**Aim of the exercise:** Print the data verbatim. Leave every image out.

**Data provided:**

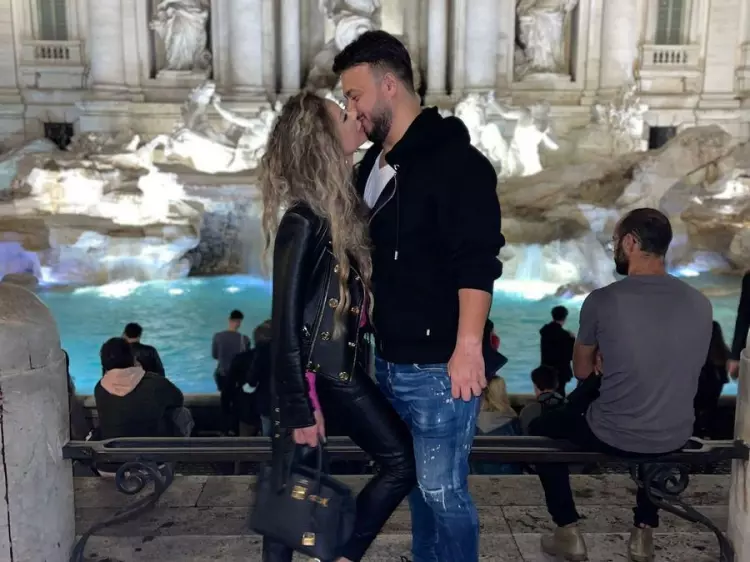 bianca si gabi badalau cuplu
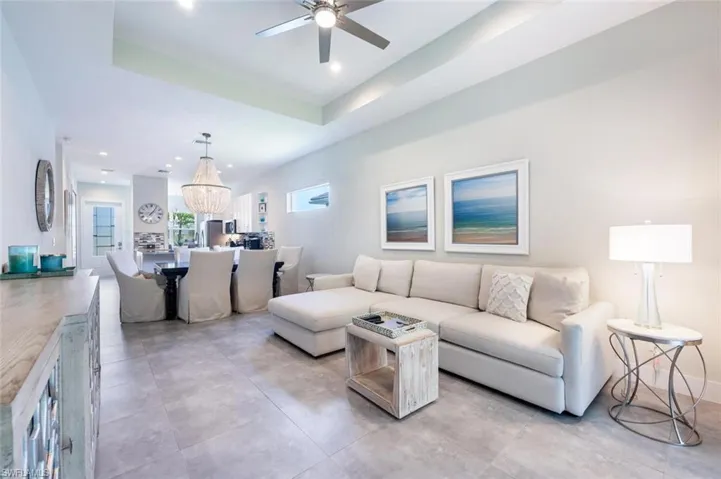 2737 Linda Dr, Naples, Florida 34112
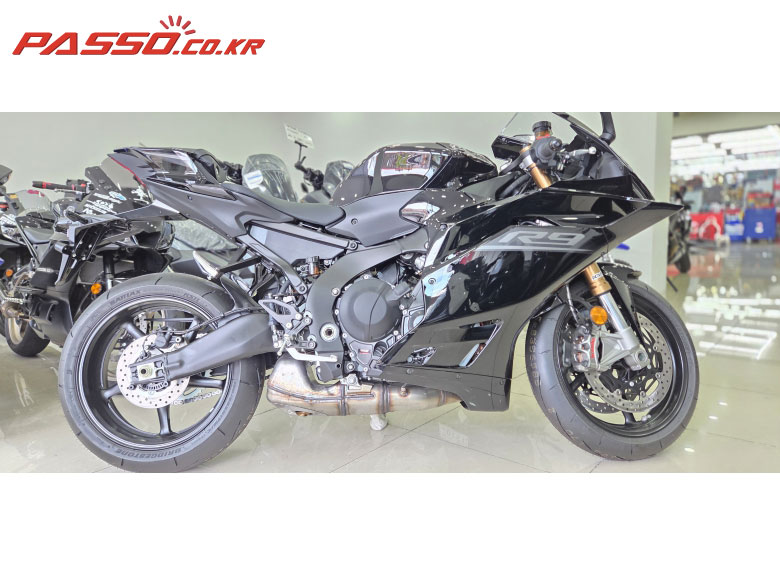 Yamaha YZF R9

**Solution to this problem:**
 bianca si gabi badalau cuplu
 2737 Linda Dr, Naples, Florida 34112
 Yamaha YZF R9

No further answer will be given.